### [TASK GOAL]
Your answer must be the lines of the material below, exactly as written, from its first line through the line with "thumbnail image 1", and no pictures.

= Beginning of Section =

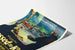 Vintage filmposter Dressed to Kill retroestetik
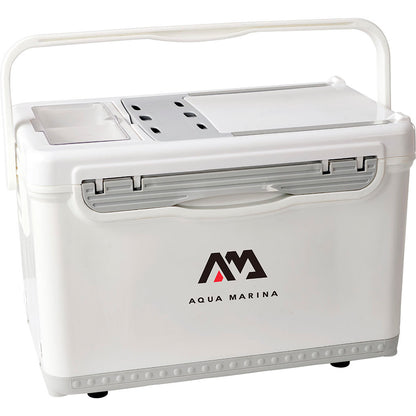 Aqua Marina - Ψυγείο Πάγου , Am Fishing Cooler 2-IN-1 - Λευκό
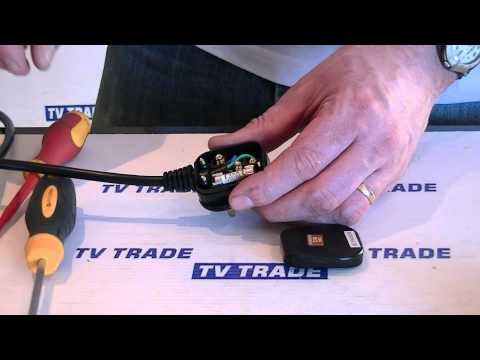 how to change a fuse uk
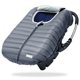 thumbnail image 1 of Funda de asiento de coche Orzbow para invierno, cálida, de felpa, impermeable, gris, 1 of 6
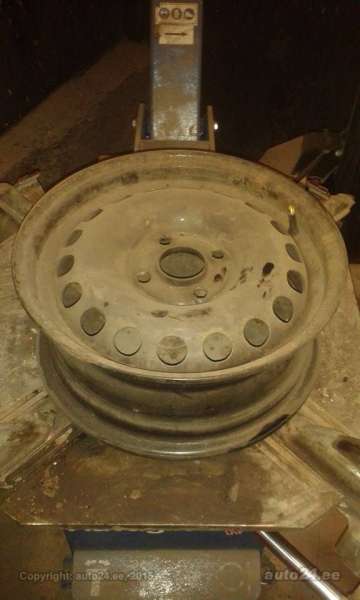 <font face='Tahoma'>tērauda diski</font> KFZ Stahlrad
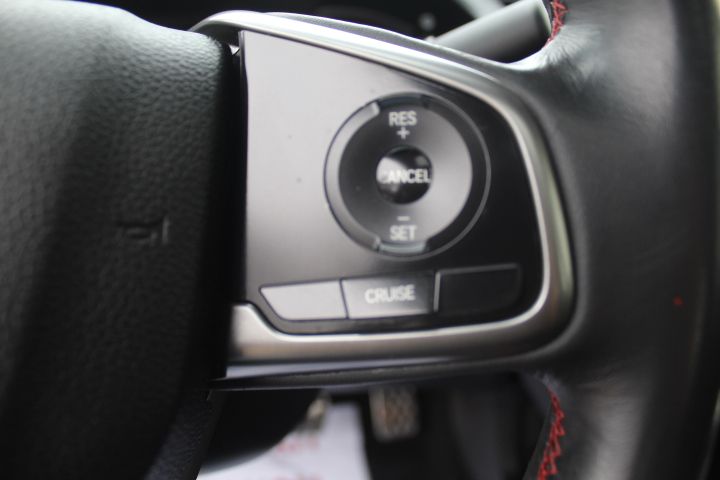 Used Car 2017 Honda Civic  Si For Sale Under $20,000 In Georgetown, Texas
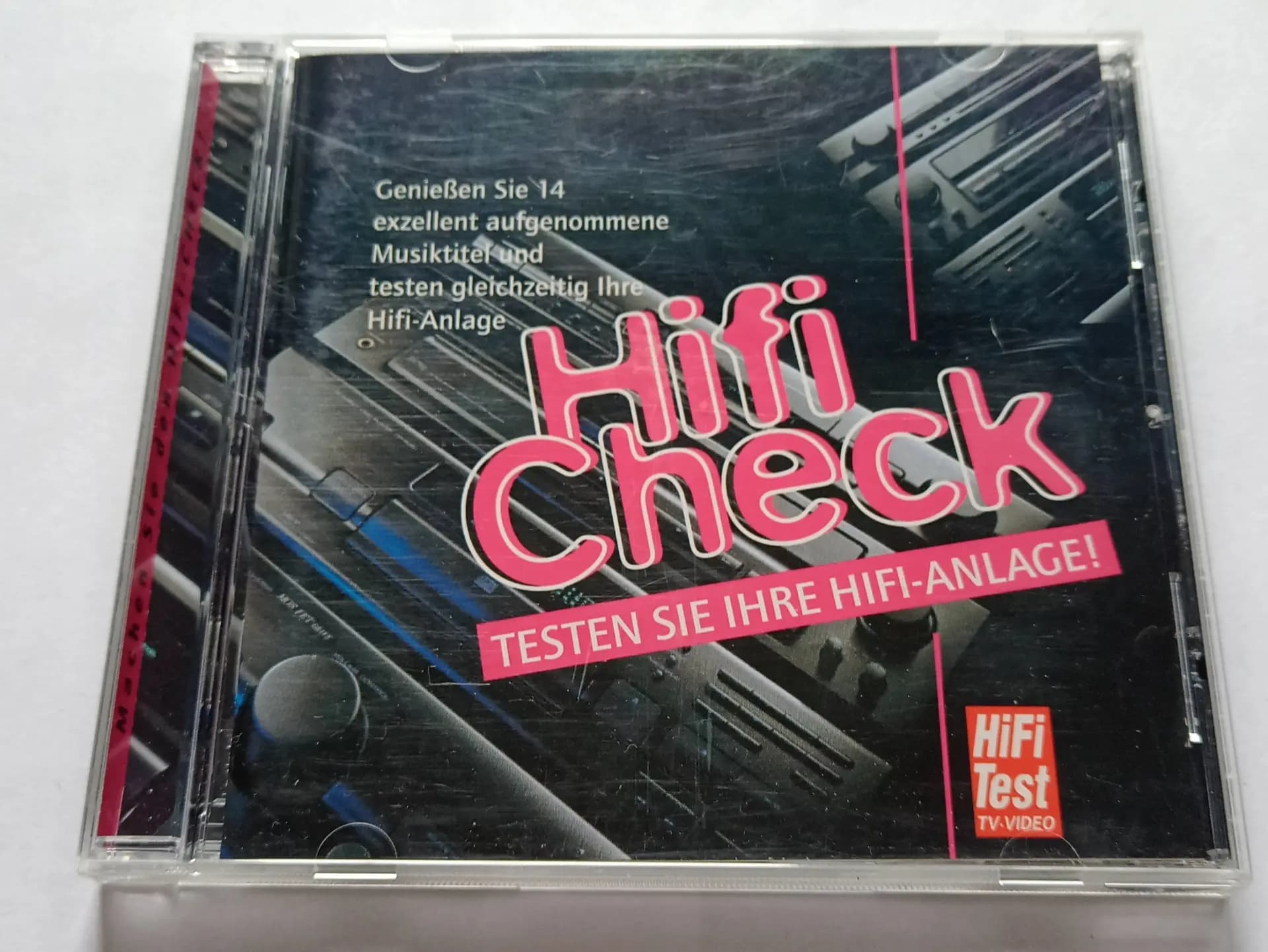 Główne zdjęcie - Various - Hifi Check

= End of Section =

### [FINAL ANSWER]
 Vintage filmposter Dressed to Kill retroestetik
 Aqua Marina - Ψυγείο Πάγου , Am Fishing Cooler 2-IN-1 - Λευκό
 how to change a fuse uk
 thumbnail image 1 of Funda de asiento de coche Orzbow para invierno, cálida, de felpa, impermeable, gris, 1 of 6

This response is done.